## Listed entries
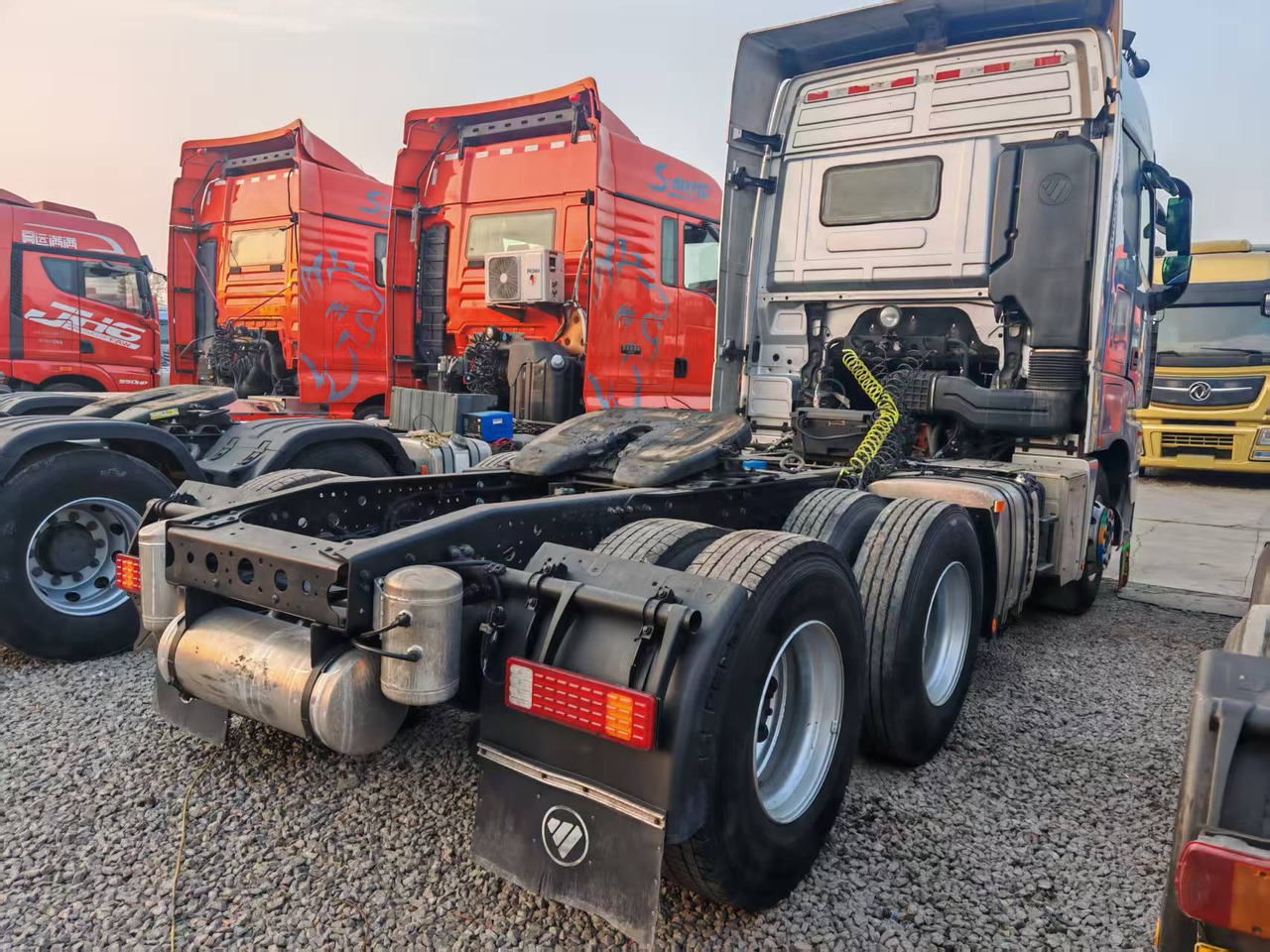 AUMAN 560HP - Kiper polprikolica: slika 4 AUMAN 560HP - Kiper polprikolica: slika 4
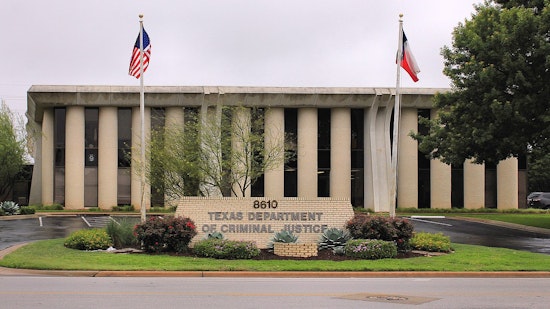Austin Cop's Murder Trial Reaches Day 4, Unanimous Decision Hangs in the Balance Amid Mistrial Concerns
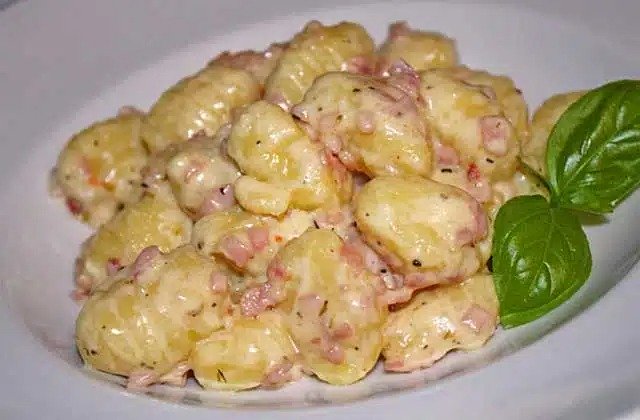 Těstoviny Gnocchi se sýrem, česnekem a šunkou – recept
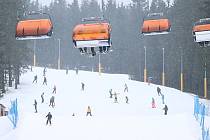 Sněhu si užívají lyžaři jen ve vysokých polohách na sjezdovkách s technickým sněhem jako například na Klínovci, odkud jsou naše fotografie.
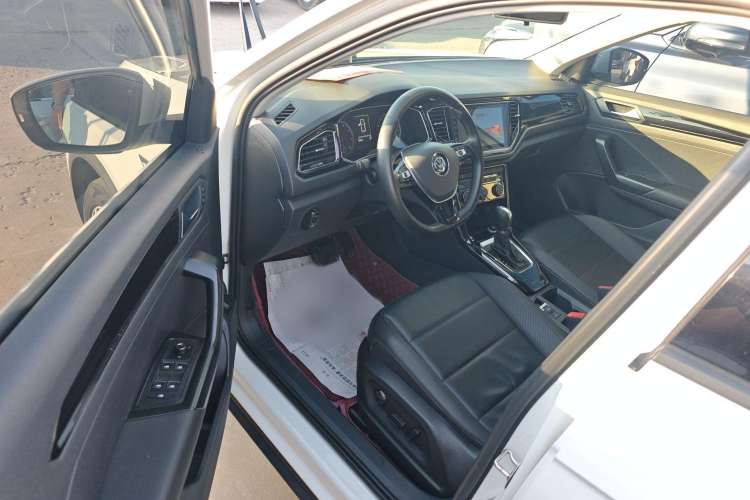 Used Volkswagen T-ROC 2018 280TSI DSG Two-Wheel-Drive Comfort Version China V Standard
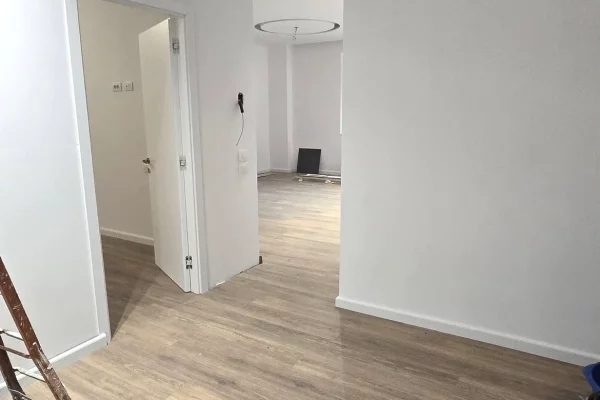 Shtepi ne shitje Duplex(shtepi me 2 kate) ne Tirane, 2+1, Mobilimi Bosh, pa mobiluar, Pagesa 239,000  Euro.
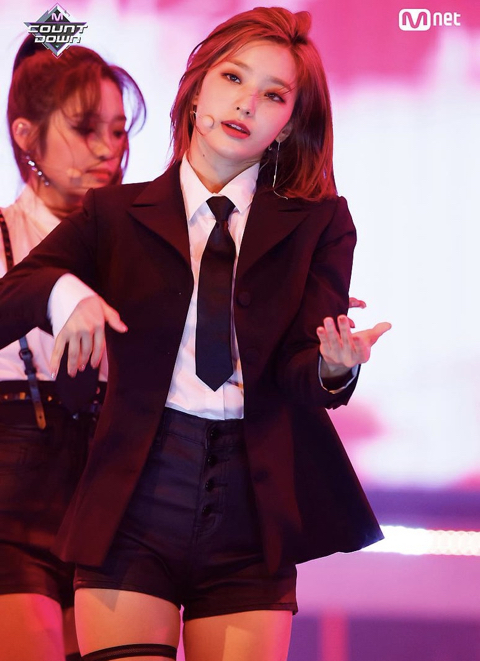 자기 전에 모두들 굿나잇하시라는 의미로 이새롬 사진.jpgif | 인스티즈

## Task
Every line above from the one with "Austin Cop's Murder" down to the one with "Used Volkswagen T-ROC" must be written out exactly, and no picture may appear.

## Problem solution
Austin Cop's Murder Trial Reaches Day 4, Unanimous Decision Hangs in the Balance Amid Mistrial Concerns
 Těstoviny Gnocchi se sýrem, česnekem a šunkou – recept
 Sněhu si užívají lyžaři jen ve vysokých polohách na sjezdovkách s technickým sněhem jako například na Klínovci, odkud jsou naše fotografie.
 Used Volkswagen T-ROC 2018 280TSI DSG Two-Wheel-Drive Comfort Version China V Standard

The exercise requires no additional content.